When a way of life has gone on unchanged for centuries, the idea that it might soon disappear seems unthinkable, but change is indeed coming to the village in Huo Meng’s elegiac drama, Living the Land (生息之地, shēngxī zhī dì). Set concretely in 1991, the economic reforms and impact of the One Child Policy are beginning to make themselves felt, while incoming mechanisation begins to destabilise the rural environment. Farmers will always have to work the land, one utters in exasperation as a local man employs a large American tractor he says is capable of doing the work of a hundred villagers, while other young men decide it’s time to go south and seek their fortunes in the factories of a new era.
Even so, the film opens with a literal digging up of the past. 10-year-old Chuang’s (Wang Shang) great aunt has died, and his uncle and grandfather want to exhume his great uncle from the makeshift grave he was placed in after getting on the wrong side of the authorities so they can be buried together. Villagers talk cryptically about those who didn’t make it through the Cultural Revolution and Great Leap Forward, but otherwise continue living their traditional lives in harmony with the landscape. The irony is that Chuang is a left behind child whose parents are working away in the city, but the reason he’s not with them is because he’s a secret. He’s their third child and they can’t afford to pay the fine for violating the One Child Policy while his father works for the government and would probably be fired if they found out.
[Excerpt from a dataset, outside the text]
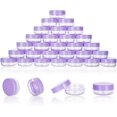 thumbnail image 1 of 3 Gram Sample Containers with Lids, 100 Count Tiny Sample Jars, Empty Lip Balm Containers, Mini Cosmetic Containers with Lids, Makeup Travel Containers with Labels, Mini Disposable Spatulas, 1 of 8
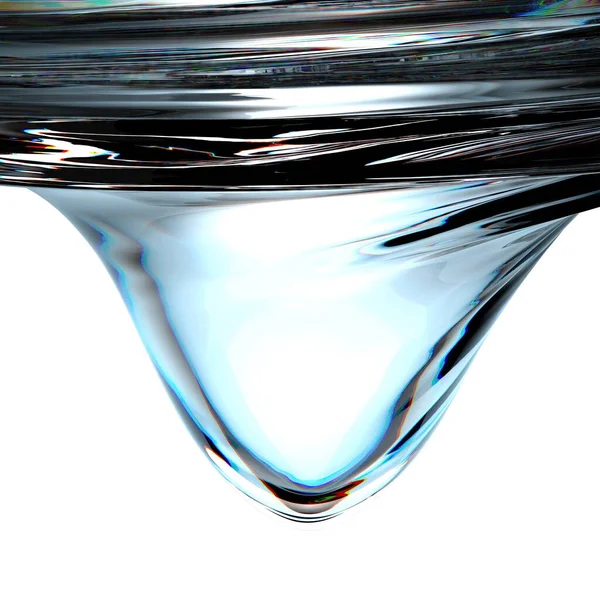 Transparent Stigande Vattenytan Droppande Vatten Färskt Och Rent Vatten Grafisk — Stockfoto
And so, Chuang is living with his maternal grandparents while his siblings are with their parents. The fact he keeps wetting the bed at a comparatively late age is likely down to this sense of rootless anxiety. He doesn’t know if he should say this is his home village because he has a different surname to the people he’s living with. While his grandfather plots out burial spaces for the rest of the family, he leaves Chuang out, and when the boy asks why, he says he doesn’t belong here because his name isn’t Li. He’s mainly been cared for by his aunt, Xiuying (Zhang Yanrong) but she soon comes under pressure to marry, especially when a wealthy local man takes a liking to her and her tentative romance with the local school teacher falls flat when he too goes south without her.
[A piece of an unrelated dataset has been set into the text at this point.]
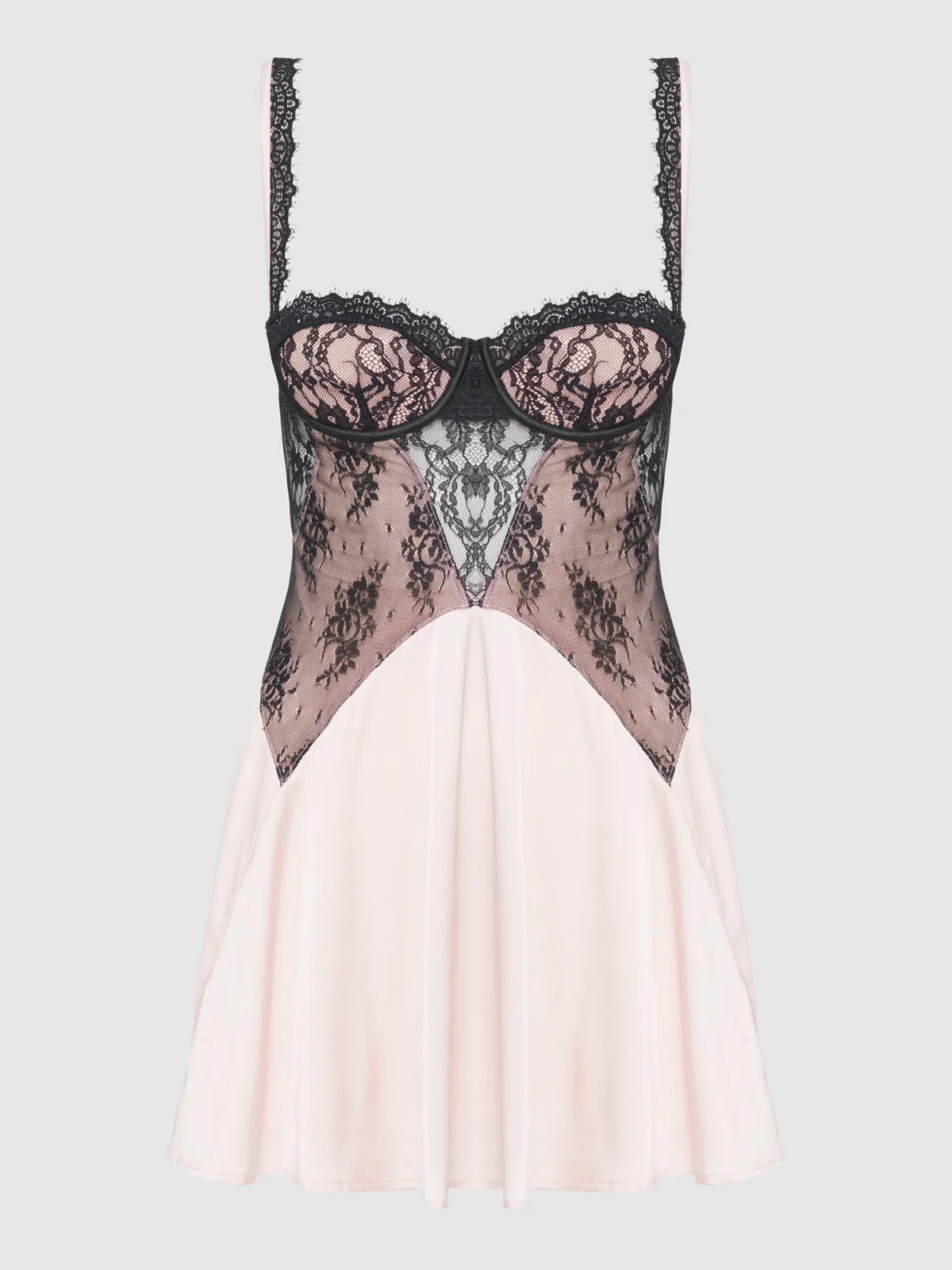Rosalind Lace Bodice & Satin Skirt Babydoll - Image 10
Xiuying attends the regular pregnancy screenings on her aunt’s behalf to hide the fact that she is pregnant with an unauthorised third child, which is one way in which the village attempts to get around these restrictions imposed from outside which threaten their way of life and livelihoods. They need more children to help work the land, while they’re finding it increasingly difficult to make ends meet selling wheat and bricks. Half of their wheat crops are destroyed when oil prospectors arrive with some in the village excited about the prospect of any being found, believing they’ll all be rich or that factories will open offering new jobs so the young won’t leave the community. But the prospecting leads to tragic consequences and seems unlikely to prove rewarding for the locals.
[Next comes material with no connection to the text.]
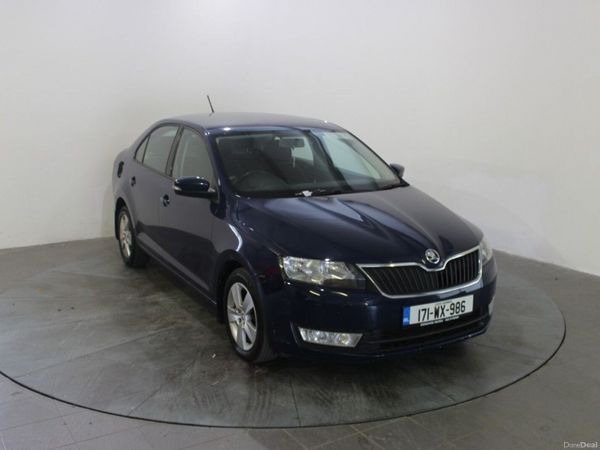 Skoda Rapid Saloon, Diesel, 2017, Blue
When Chuang’s great-grandmother is interviewed by the authorities, she tells them that she doesn’t actually have a name. Before her marriage, she was just “third sister” and after that someone’s wife, mother, grandmother. The authorities don’t like that, and someone suggests calling her “Mrs Li Wang”, but there are a few of those already so she ends up becoming “Third Mrs Li Wang”, which doesn’t seem like a tremendous improvement. The lives women are continually devalued in the traditional, patriarchal community in which they are still chiefly valued for the ability to give birth, which they now can’t do because of the One Child Policy. Xiuying is bullied into marrying a man she doesn’t like, and then is mistreated by him because she didn’t bleed on their wedding night so he doesn’t believe she was a virgin likely because of the rough treatment she received during the pregnancy exam when they suddenly began to suspect she wasn’t a married mother of two. Chuang gets left behind again as the village slowly depletes and mechanisation forever disrupts this very traditional way of life, though the elegiac music suggests that even those who went south didn’t fare all that much better in amid the economic instability of the 90s reforms which destroyed not only communities and ways of life our very relationship with the land itself.
Living the Land screens as part of this year’s San Diego Asian Film Festival.